For instance, a team in collaboration with a team facilitator might distinguish between four types of tasks and consider the implications for their work: (1) Generate tasks, (2) Negotiate tasks, (3) Choose tasks or decision-making tasks, and (4) Execute tasks (McGrath, 1984; see Woolley, Aggarwal, & Malone, 2015). As noted, generate tasks involve idea generation, relevant for example when describing the range of problems in a problem situation, or when generating options in response to problems. Negotiate tasks involve perspective taking, resolving conflicts of interest or viewpoints. When a team works to resolve societal problems they may face a variety of challenges associated with negotiating meaning, clarifying ideas, resolving conflict related to team activities, balancing perspectives as to the nature of evidence relevant to a systems model they are developing, and so on. While facilitation during generate tasks requires methods and practices designed to promote diversity of unique, quality ideas and the clear communication of ideas, facilitating negotiate tasks involves practices that foster perspective taking, resolution of conflict, reinforcement of key values, norms, or rules, reorientation to core group goals, and so on.
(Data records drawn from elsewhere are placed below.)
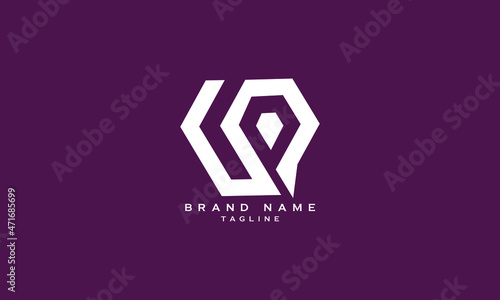 CUP, UP, PU, Abstract initial monogram letter alphabet logo design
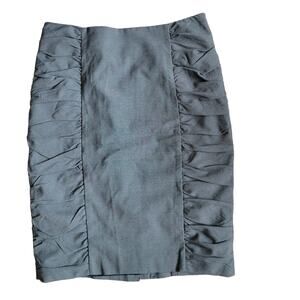 Anthropologie Cartonnier Women Retro Pencil Skirt 1940s Corporate Gray Women 4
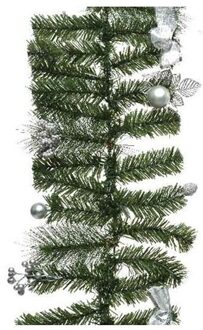 Decoris Everlands dennenslinger - groen - 180 cm - kunststof - guirlandes - kerstversiering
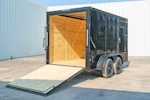 Spartan 6'x12' Enclosed Cargo Trailer w/ Rear Ramp Door (C2) Stock #90382 - Thumbnail 3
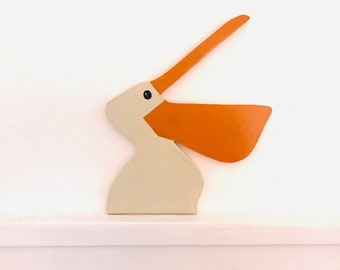 Hand painted Pelican doorframe / picture ornament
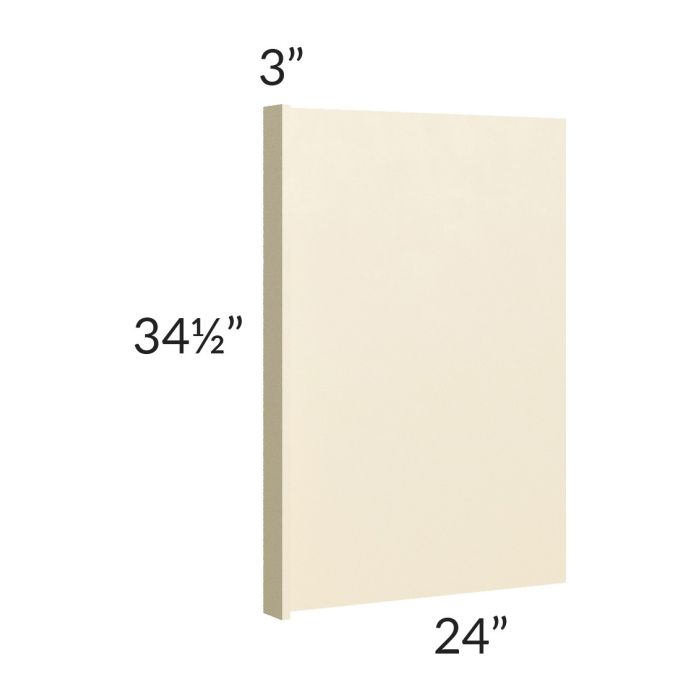 Phoenix Cream Glaze Appliance End Panel with a 3" Return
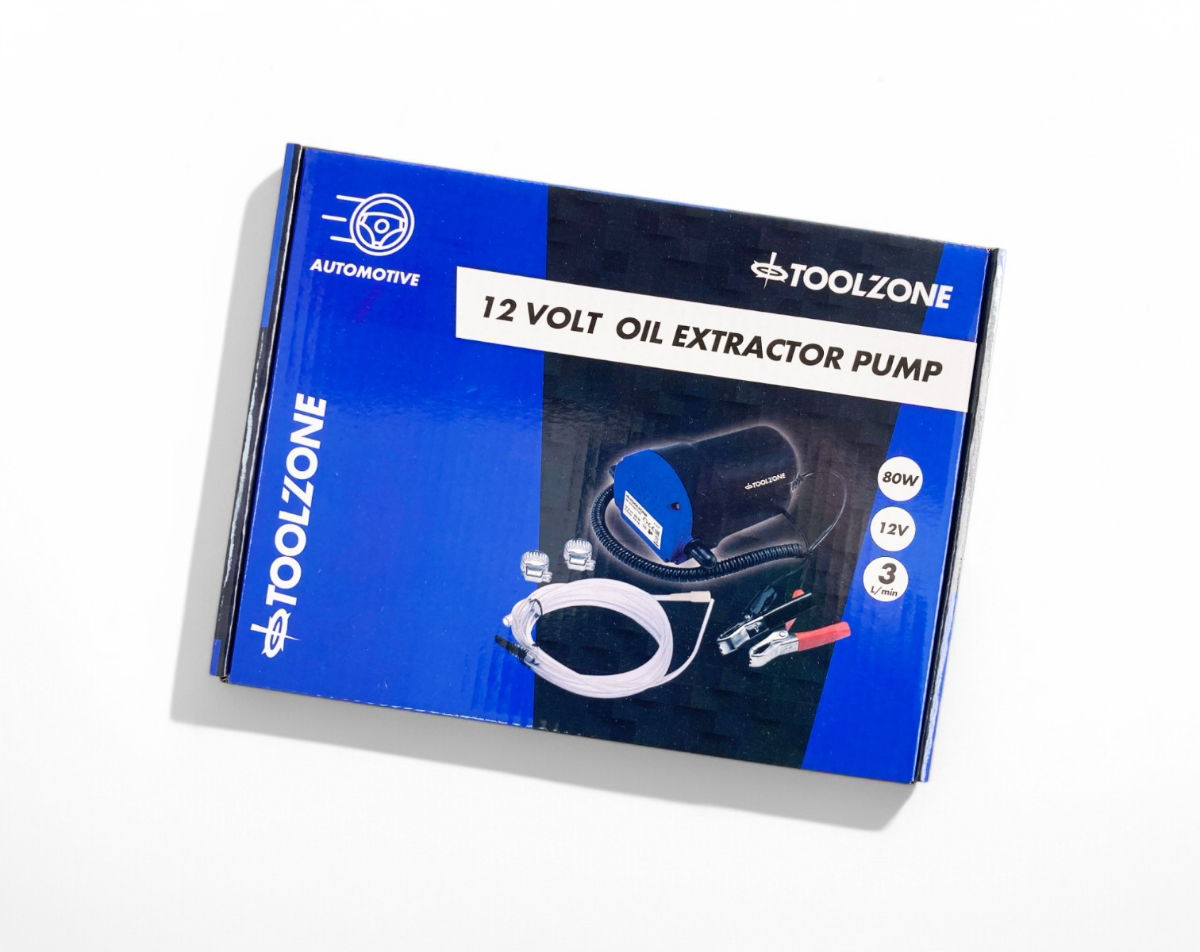 OIL EXTRACTOR PUMP 12 volt WITH ACCESSORIES - TOOLZONE KDPAU398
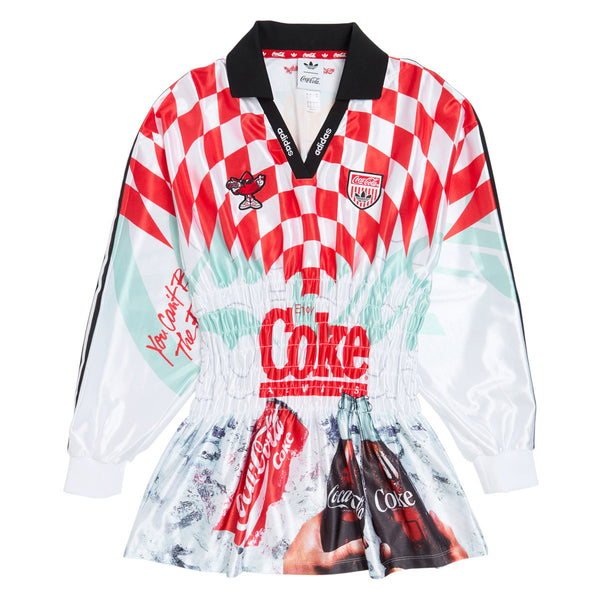 Adidas x Coca Cola Womens Mashup Jersey - White/Multicolor – CCS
Choose tasks or decision-making tasks involve team members selecting from a range of alternatives. When selecting options in response to societal problems, this involves decision-making or choice selection derived from a judgement as to the ‘best’ choice, as often there is no ‘correct’ choice. Facilitation in this context involves the promotion of critical and reflective thinking, weighing up available evidence and drawing conclusions or judgements that influence key choices and decisions. Choose tasks or decision-making tasks often involve establishing criteria for choices or decisions, for example, choosing from a range of alternatives based on an estimate of their potential impact, feasibility, and the potential of the team to implement key choices as actions, given current resources and capabilities.
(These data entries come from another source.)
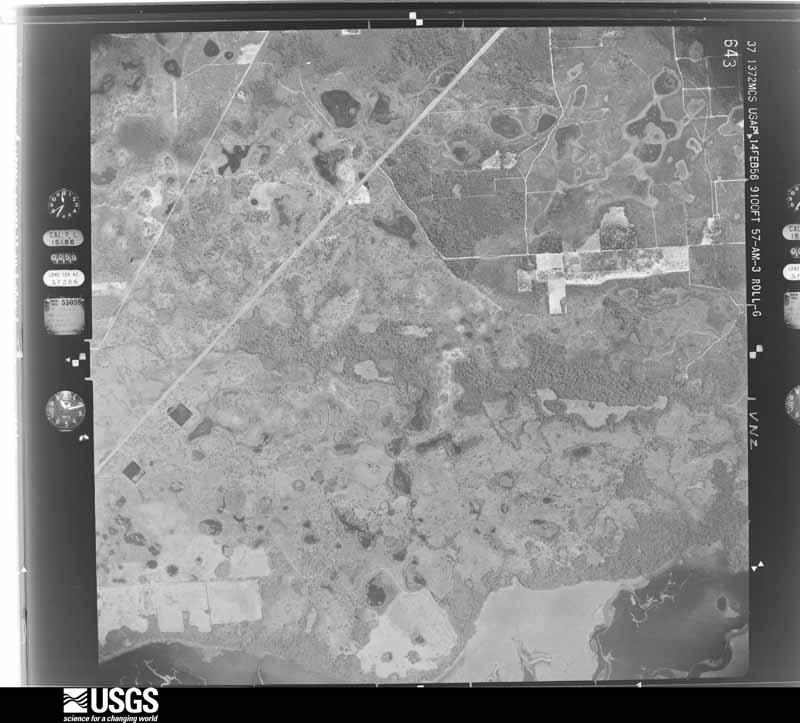 U.S. Geological Survey aerial photograph, 1958-02-14, scale 1:18000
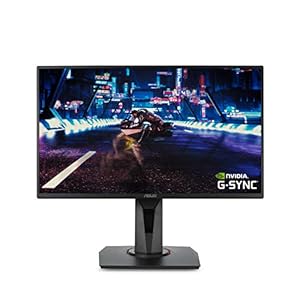 ASUS 24.5″ 1080P Gaming Monitor (VG258QR) – Full HD, 165Hz (Supports 144Hz), 0.5ms, Extreme Low Motion Blur, Speaker, Adaptive-Sync, G-SYNC Compatible, VESA Mountable, DisplayPort, HDMI, DVI-D, Black
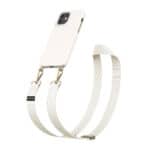 Solidenz Collection iPhone 12 / 12 Pro hoesje met afneembare koord - Beige - 1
Finally, execute tasks involve teams acting directly upon the world in one way or another. At the team level, this requires action coordination and distributed skill to successfully enact specific choices, options, or solutions. John Warfield, in developing his approach to applied systems science, described the science of action as a central pillar that builds upon and helps to realise coordinated actions that emerge as outputs from the science of design and complexity. Understanding the complexities of societal problems and designing systems models that capture this complexity is one thing, but implementing coordinated actions that help resolve these problems is another thing completely. Indeed, intelligence without action is inert, and in the context of applied systems science, action without intelligence is ill-informed. More generally, collective intelligence implies the coordination of individual actions, and one might argue that every form of collective intelligence described here, for every collective ‘task’ described, involves some form of coordinated execution of task actions. Certainly, abstracted as a principle, coordination is critical for all forms of intelligent action. Empirically, laboratory studies that have sought to measure the ‘general’ collective intelligence of groups (i.e., by extracting a common statistical ‘general intelligence’ factor that measures the ability of teams to solve a diverse range of problems), report that ‘general’ collective intelligence of groups is related to the groups’ ability to coordinate their activity (Aggarwal, Woolley, Chabris, and Malone, 2015). Also, at the applied project level, in efforts to resolve societal problems, when multiple coordinated actions derived from collective intelligence work are translated into actions on the ground, the team involved in the collective intelligence work can be instrumental in coordinating the societal projects. I’ll provide some examples of this in future blog posts.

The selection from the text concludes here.